DATA SECTION
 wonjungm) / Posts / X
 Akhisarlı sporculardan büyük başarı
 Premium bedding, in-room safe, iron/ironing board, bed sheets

WORK INSTRUCTIONS
Copy every line above without changes.

RESPONSE
 wonjungm) / Posts / X
 Akhisarlı sporculardan büyük başarı
 Premium bedding, in-room safe, iron/ironing board, bed sheets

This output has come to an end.